(Beginning of Material shown)

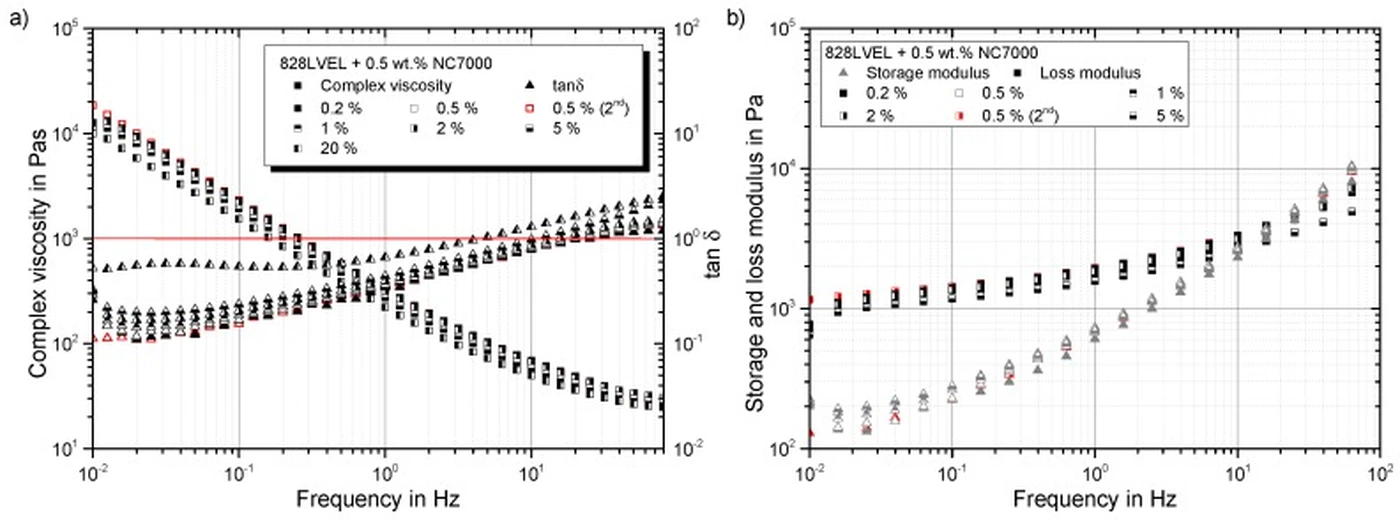 Rheology result: Frequency dependency of complex viscosity, loss factor, storage modulus and loss modulus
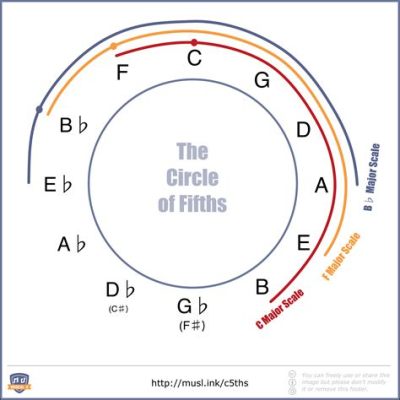 what is a fifth in music? the mysterious relationship between notes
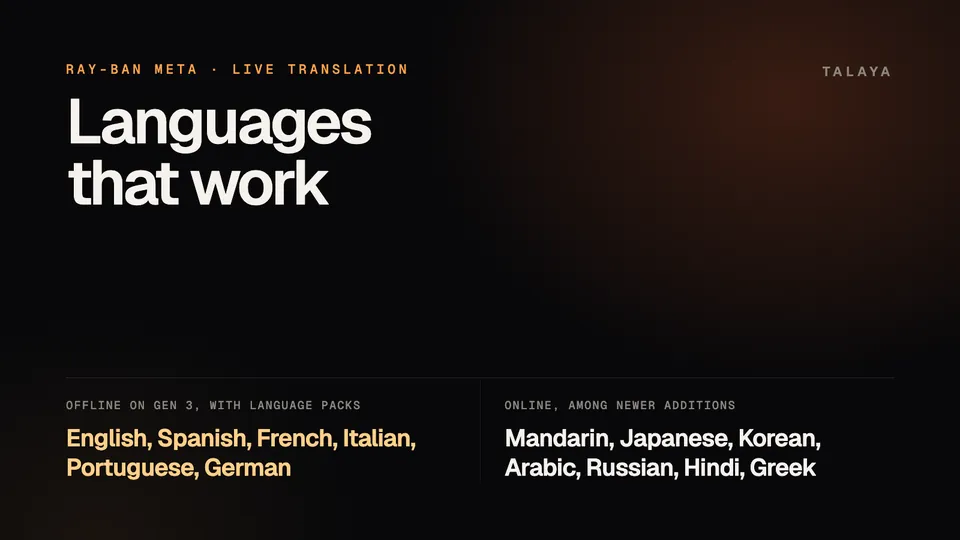 Chart of live translation languages on Ray-Ban Meta: English, Spanish, French, Italian, Portuguese and German offline on Gen 3 with language packs, and Mandarin, Japanese, Korean, Arabic, Russian, Hindi and Greek online
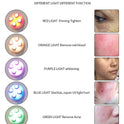 USB Rechargeable Beauty Home Introduction Instrument Firming Skin Rejuvenation Color Light Peeling Machine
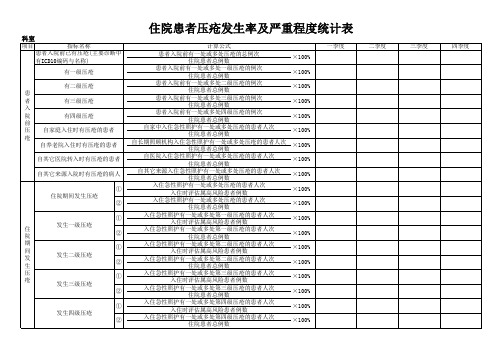 住院患者压疮发生率及严重程度统计表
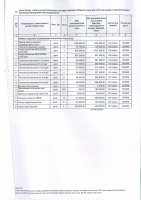 ТОЛЫҚТЫРУ ЖӘНЕ ӨЗГЕРТУ №33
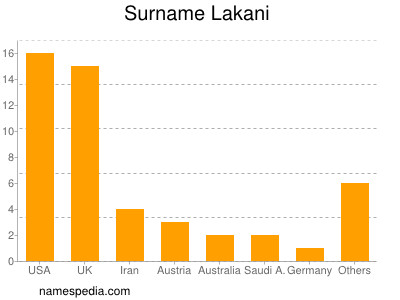 Surname Lakani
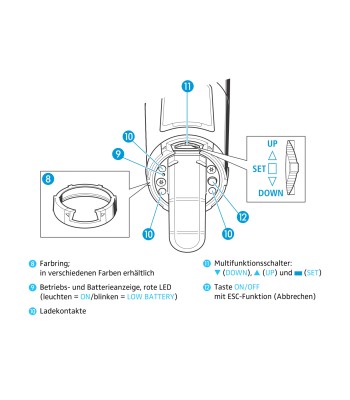 Sennheiser SKM 100-835 G3C Handheld Transm.,MMD 835 Capsular dynamic, Cardioid, C-Band 734-776MHz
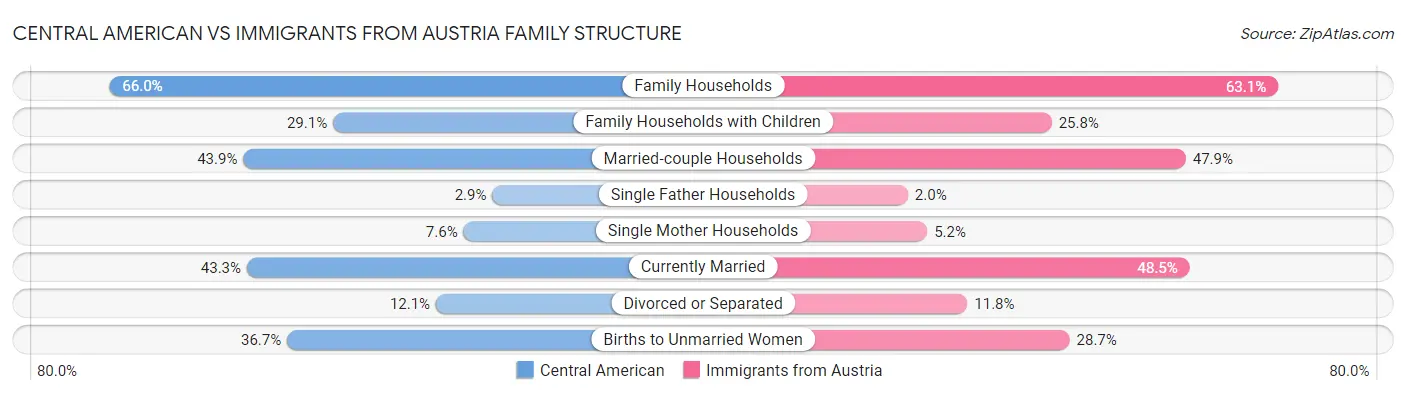 Central American vs Immigrants from Austria Family Structure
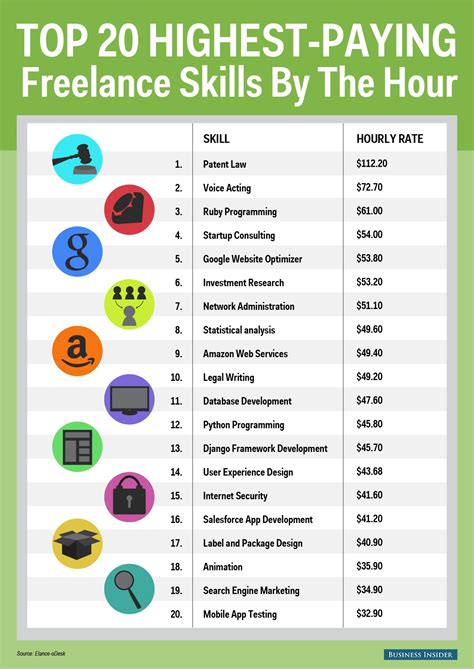 jobs  highest amount  salary thealmostdonecom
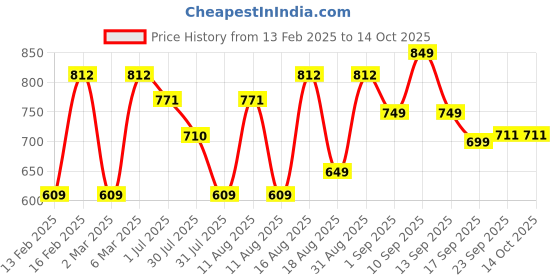 myntra.com LULU & SKY Boys Printed Applique T-shirt lulu & sky Price History Graph from 13 Feb 2025 to 14 Oct 2025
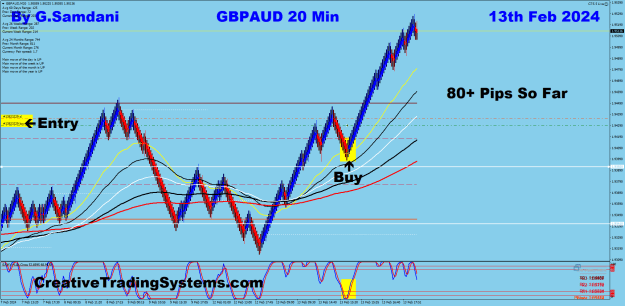 Click to Enlarge

Name: 13 GBP-AUD 20 min 02-13-24 Trade.png
Size: 45 KB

(End of Material shown)

* **Prompt**
Any pictures are to be skipped, and the lines from the beginning of the entries through the line with "USB Rechargeable Beauty" copied exactly.

* **Answer**
 Rheology result: Frequency dependency of complex viscosity, loss factor, storage modulus and loss modulus
 what is a fifth in music? the mysterious relationship between notes
 Chart of live translation languages on Ray-Ban Meta: English, Spanish, French, Italian, Portuguese and German offline on Gen 3 with language packs, and Mandarin, Japanese, Korean, Arabic, Russian, Hindi and Greek online
 USB Rechargeable Beauty Home Introduction Instrument Firming Skin Rejuvenation Color Light Peeling Machine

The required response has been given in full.